The reactor body must follow the signature:

function ([obj], param) ... end

Parameters:

  • body: [function] The actual code to be executed by the reactor.
  • t: [table] An optional table supporting the following fields:
    • name: [string] reactor's name (for debugging purposes only).
    • obj: [table] if set, the reactor body is always called with obj as its first parameter.
    • inst: [boolean] sets whether the reactor is instantaneous, that is, if its body contains no await calls. In this case LuaGravity performs an important optimization, not creating a coroutine to run it.

Returns:

  • ref: [reactor] A reference to the created reactor.

The inst parameter allows an important optimization for reactors that do not await on their bodies. However, for reactors that do await, this parameter must be passed false.


reactor = luagravity.spawn (reactor, param)

Spawns the execution of the given reactor, passing a parameter.

The spawned reactor runs concurrently with the continuation of the running reactor.

Parameters:

  • reactor: [reactor] Reactor to execute. May also be an anonymous function that is automatically transformed into a reactor.
  • param: [any] Parameter to pass to the reactor.

Returns:

  • reactor: [reactor] A reference to the spawned reactor.

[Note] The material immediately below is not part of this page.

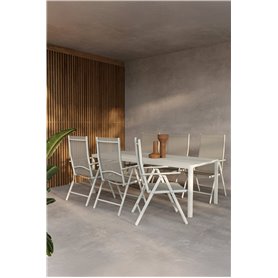 Matgrupp Giardini med Break matstolar, 200 × 90 cm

ret = luagravity.call (reactor, param)

Executes the given reactor passing a parameter, awaiting its termination.

The callee reactor continues its execution only after the called reactor and all reactions to it terminate.

Parameters:

  • reactor: [reactor] Reactor to execute.
  • param: [any] Parameter to pass to the reactor.

Returns:

  • ret: [any] The return value of the called reactor.


luagravity.kill (reactor)

Terminates the execution of the given (awaiting) reactor, cancelling it.

Reactors linked to (or awaiting) it are not triggered.

Parameters:

  • reactor: [reactor] Reactor to kill.

Returns:

  • nothing


luagravity.link (src, dst)

Creates a link between src and dst.

A link determines that the termination/post of the reactor/string event src triggers the reactor dst. The returned value of src is passed to the body of dst. Cancelled or killed reactors do not trigger reactors linked to it.

If a source reactor links to several destiny reactors, its termination makes all of them to run concurrently.

Parameters:

  • src: [reactor|string`] Source reactor or string event.
  • dst: [reactor] Destiny reactor. May also be an anonymous function that is automatically transformed into an instantaneous reactor.

Returns:

  • nothing


luagravity.unlink (src, dst)

Breaks the link between src and dst.

Parameters:

  • src: [reactor|string] Source reactor or string event.
  • dst: [reactor] Destiny reactor.

Returns:

  • nothing


ret = luagravity.await (p1, p2, ...)

Makes the running reactor await for any condition passed as parameter. Further actions in the running reactor are not executed until it is awakened.

Conditions might be the termination of reactors or posting of string events. A number may also be passed as parameter to make the running reactor await this number of milliseconds.

The call returns the return value of the reactor responsible for awaking the suspended reactor.

Parameters:

  • ...: [reactors|strings|numbers] Conditions to await.

Returns:

  • ret: [any] The return value of the satisfied condition.


luagravity.deactivate (reactor)

Deactivates the awaiting reactor passed as parameter.

A deactivated reactor is not resumed when the event it is awaiting is triggered. If the reactor is awaiting on Timers associated to deactivated reactors are paused.

Parameters:

  • reactor: [reactor] The reactor to deactivate.

Returns:

  • nothing


luagravity.reactivate (reactor)

Reactivates the deactivated reactor passed as parameter.

Parameters:

  • reactor: [reactor] The reactor to reactivate.

Returns:

  • nothing


return luagravity.cancel

Terminates the running reactor, cancelling it.

Reactors linked to (or awaiting) it are not triggered.